Your objective:
Please, without any pictures, set down exactly the part of the listing below that opens with the line containing "2024年现代五项世锦赛个人赛决出前三名，直接获" and closes with the line containing "used 2018 Jeep".

Input material:
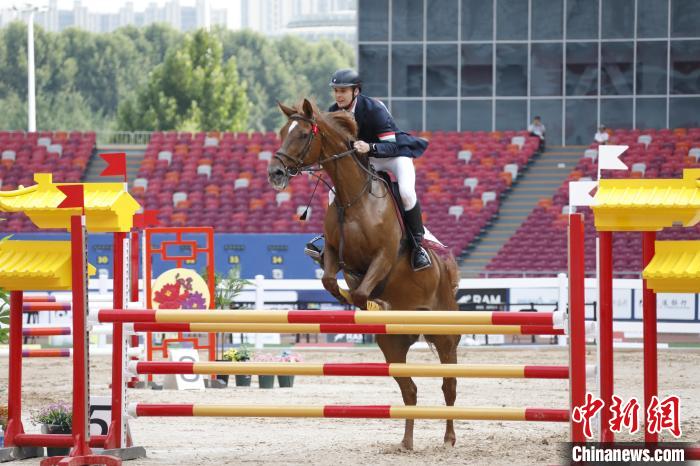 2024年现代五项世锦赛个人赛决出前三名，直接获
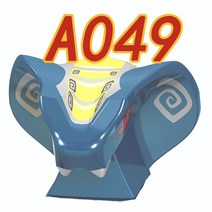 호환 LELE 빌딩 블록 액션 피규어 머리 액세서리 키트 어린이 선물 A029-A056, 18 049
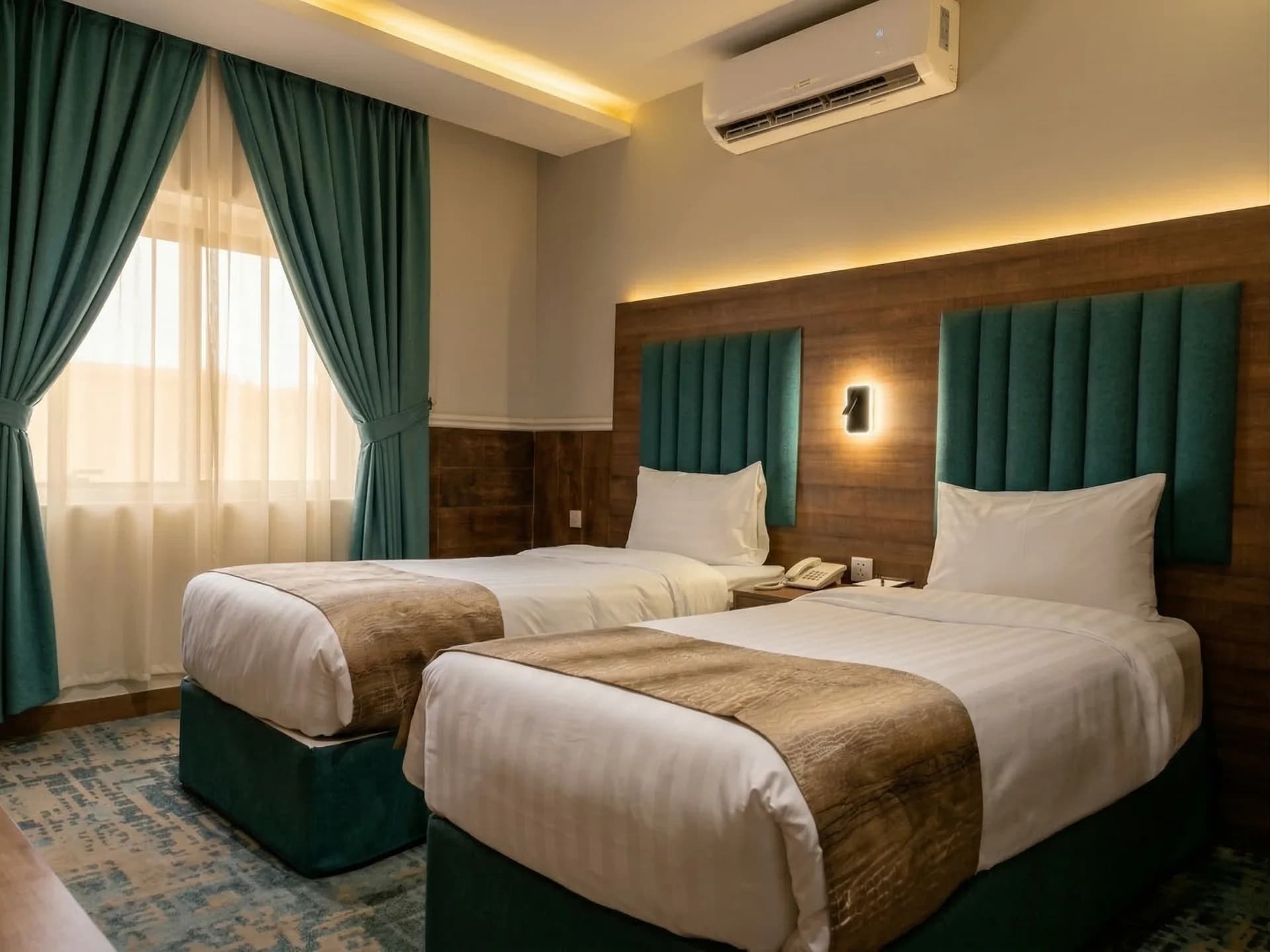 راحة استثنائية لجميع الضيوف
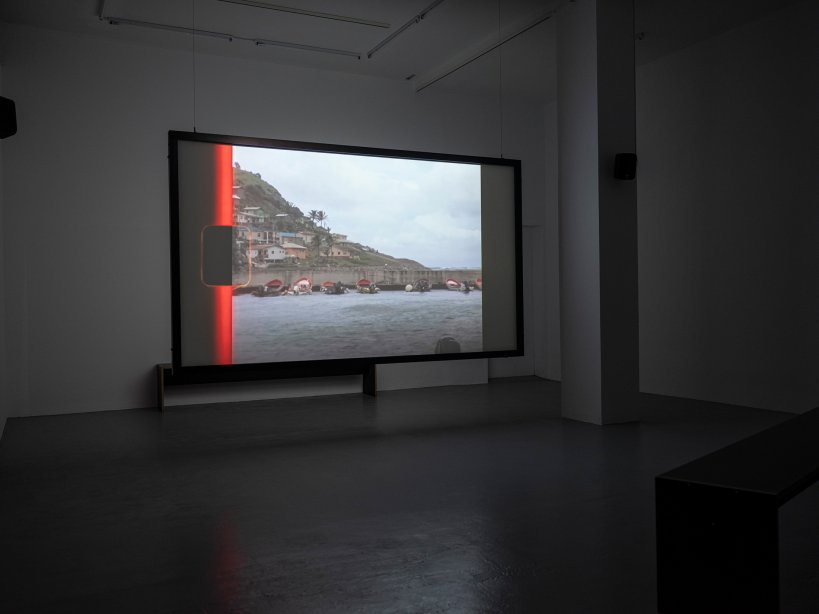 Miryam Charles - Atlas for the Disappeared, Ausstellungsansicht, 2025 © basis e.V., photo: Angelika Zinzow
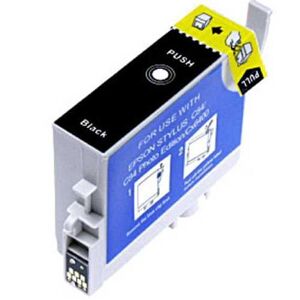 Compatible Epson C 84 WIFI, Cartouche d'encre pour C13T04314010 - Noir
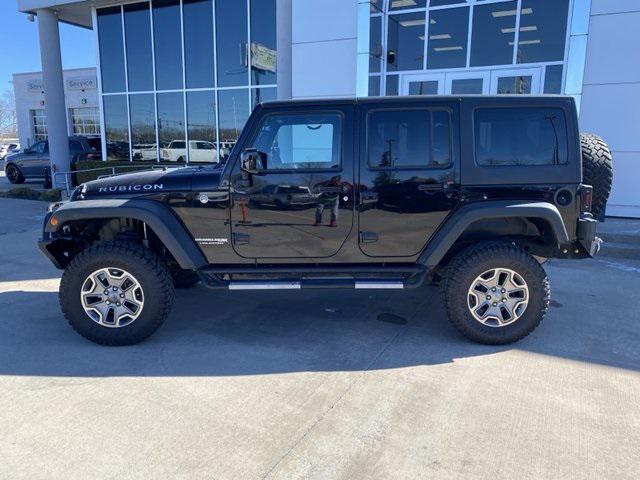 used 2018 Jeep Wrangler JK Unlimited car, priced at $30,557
---
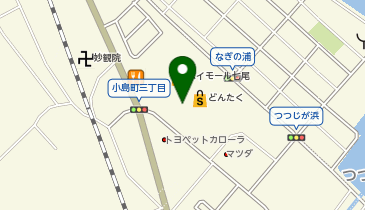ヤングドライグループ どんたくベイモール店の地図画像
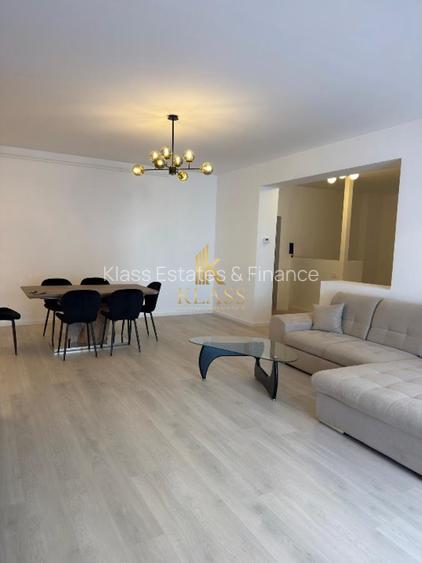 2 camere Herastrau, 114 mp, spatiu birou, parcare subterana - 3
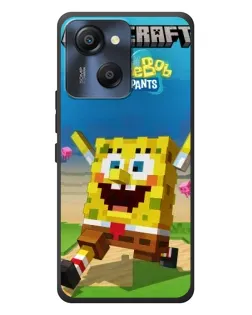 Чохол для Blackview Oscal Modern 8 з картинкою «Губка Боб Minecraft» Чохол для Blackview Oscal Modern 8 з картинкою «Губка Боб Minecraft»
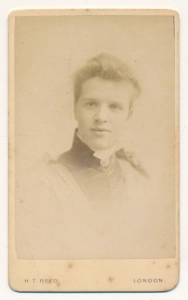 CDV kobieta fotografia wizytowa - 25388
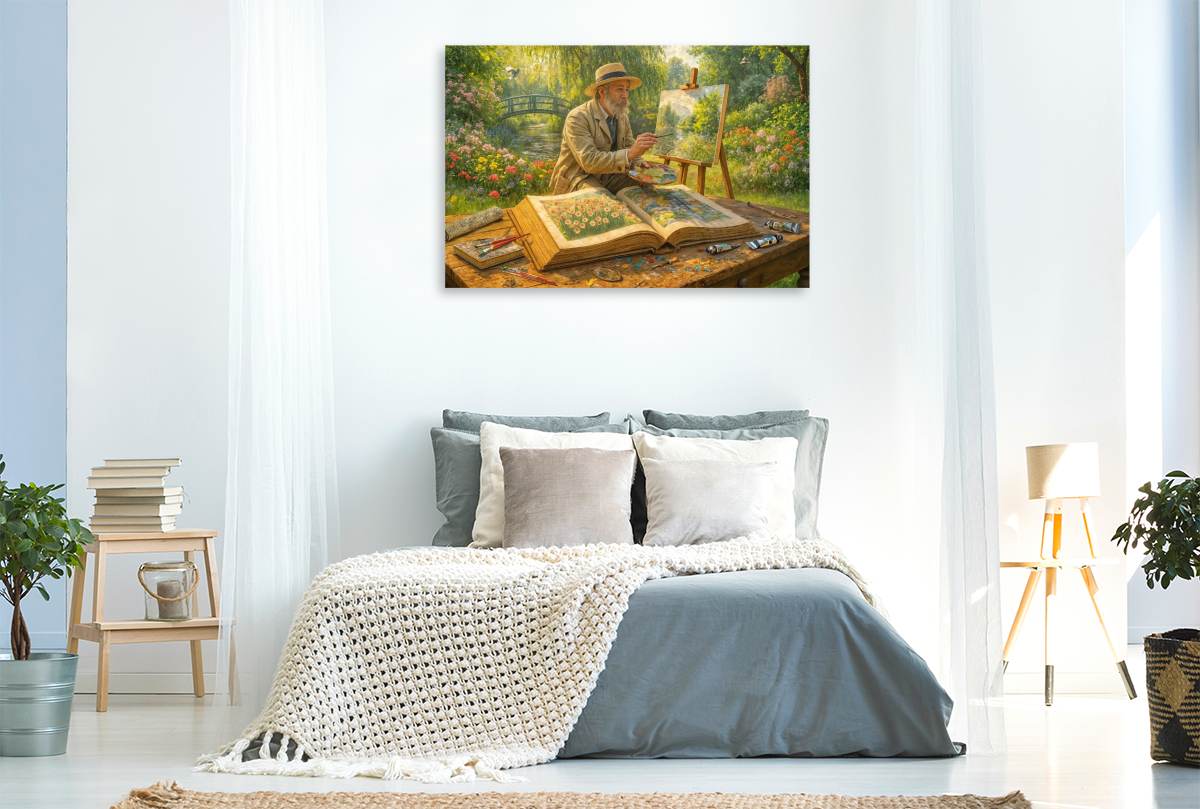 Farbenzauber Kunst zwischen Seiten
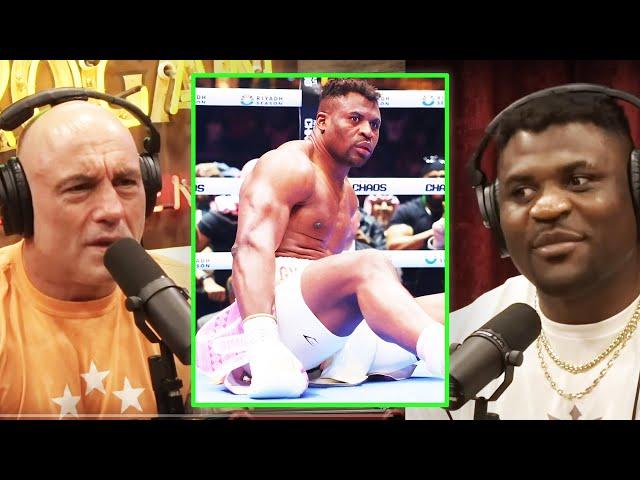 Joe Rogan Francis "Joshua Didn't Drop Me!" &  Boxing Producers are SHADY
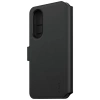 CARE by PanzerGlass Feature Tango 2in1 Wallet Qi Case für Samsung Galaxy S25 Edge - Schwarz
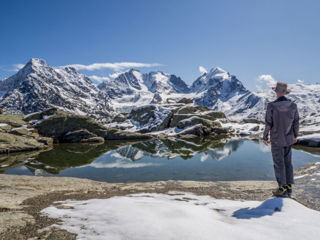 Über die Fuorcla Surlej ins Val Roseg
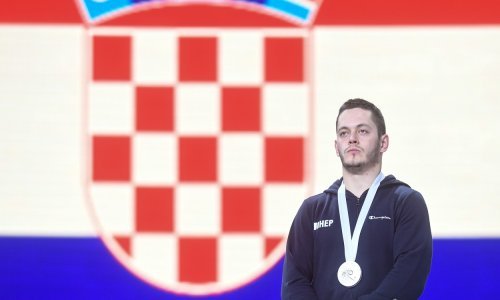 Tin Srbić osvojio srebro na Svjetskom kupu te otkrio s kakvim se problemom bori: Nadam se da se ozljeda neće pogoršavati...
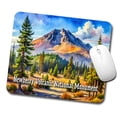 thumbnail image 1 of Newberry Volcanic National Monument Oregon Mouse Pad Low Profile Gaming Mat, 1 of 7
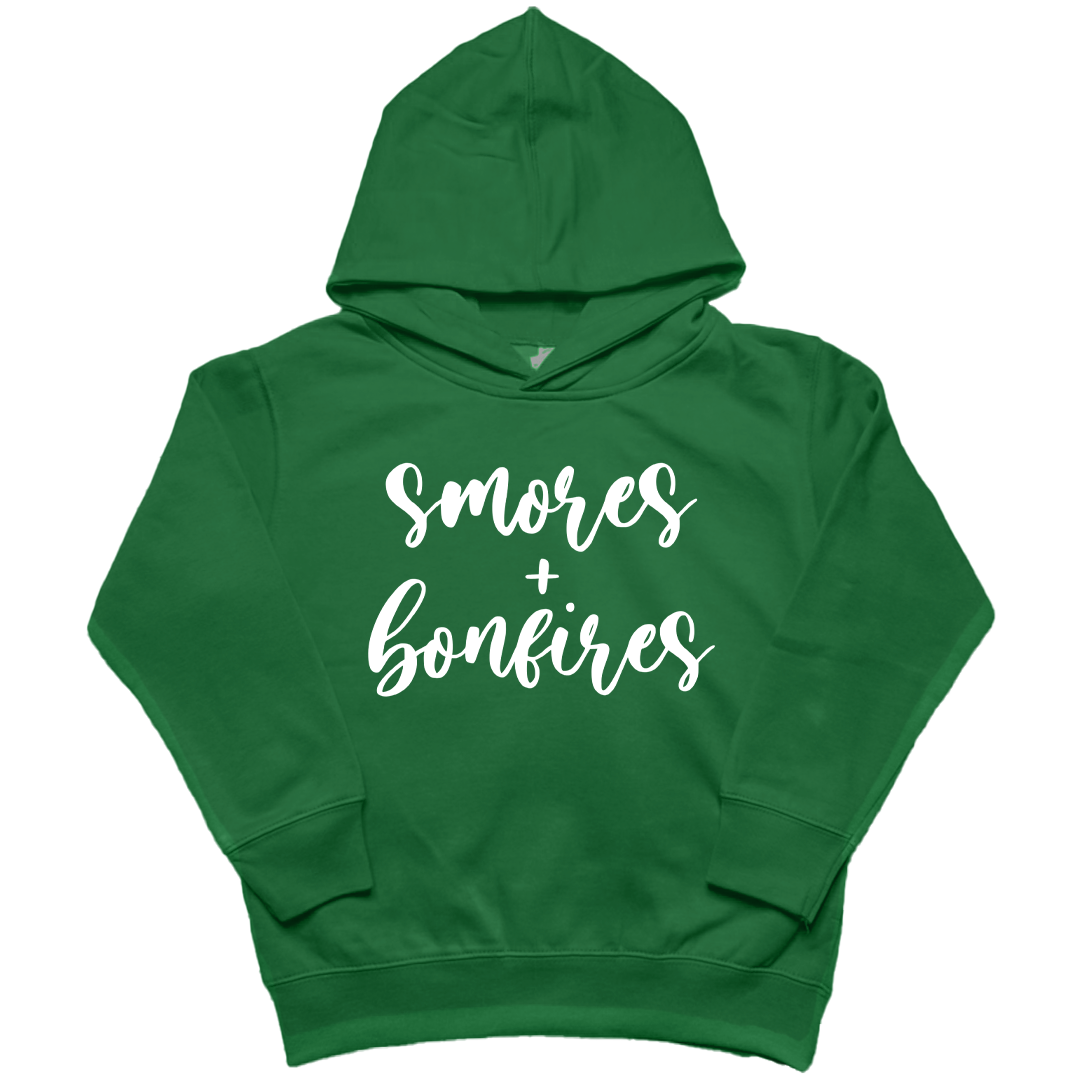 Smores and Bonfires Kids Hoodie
--
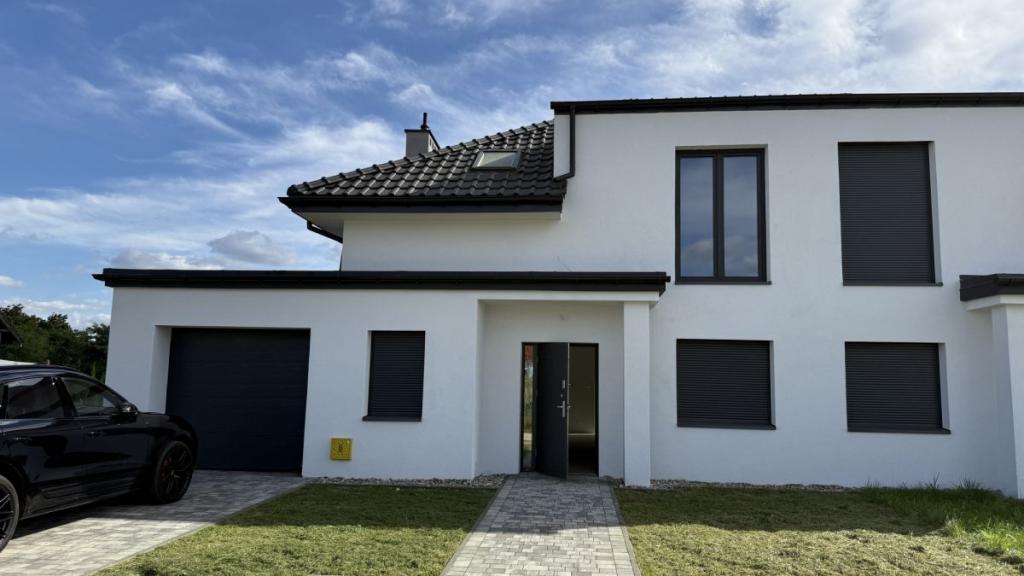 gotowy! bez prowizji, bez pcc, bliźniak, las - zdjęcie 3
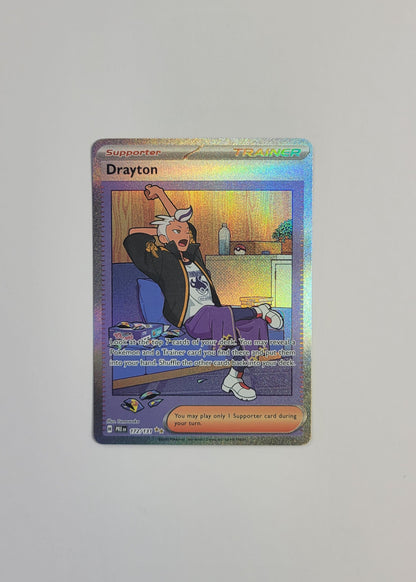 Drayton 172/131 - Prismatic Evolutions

Task answer:
 2024年现代五项世锦赛个人赛决出前三名，直接获
 호환 LELE 빌딩 블록 액션 피규어 머리 액세서리 키트 어린이 선물 A029-A056, 18 049
 راحة استثنائية لجميع الضيوف
 Miryam Charles - Atlas for the Disappeared, Ausstellungsansicht, 2025 © basis e.V., photo: Angelika Zinzow
 Compatible Epson C 84 WIFI, Cartouche d'encre pour C13T04314010 - Noir
 used 2018 Jeep Wrangler JK Unlimited car, priced at $30,557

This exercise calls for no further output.